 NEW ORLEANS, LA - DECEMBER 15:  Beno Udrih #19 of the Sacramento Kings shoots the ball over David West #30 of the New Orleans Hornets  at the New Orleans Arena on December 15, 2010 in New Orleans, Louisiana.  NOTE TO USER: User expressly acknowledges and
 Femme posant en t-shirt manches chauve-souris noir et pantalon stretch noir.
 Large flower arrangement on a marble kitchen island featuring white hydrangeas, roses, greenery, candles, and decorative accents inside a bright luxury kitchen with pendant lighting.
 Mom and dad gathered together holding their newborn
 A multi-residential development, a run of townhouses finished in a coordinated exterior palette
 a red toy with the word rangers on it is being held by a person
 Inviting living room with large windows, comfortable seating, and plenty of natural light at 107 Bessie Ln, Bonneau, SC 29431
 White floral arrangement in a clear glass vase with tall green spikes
● ● ● ●
* **Work required**:
Please restate word for word only the lines from the one with "a red toy with" through the final line of the listing above, both of them included.

* **Answer box**:
 a red toy with the word rangers on it is being held by a person
 Inviting living room with large windows, comfortable seating, and plenty of natural light at 107 Bessie Ln, Bonneau, SC 29431
 White floral arrangement in a clear glass vase with tall green spikes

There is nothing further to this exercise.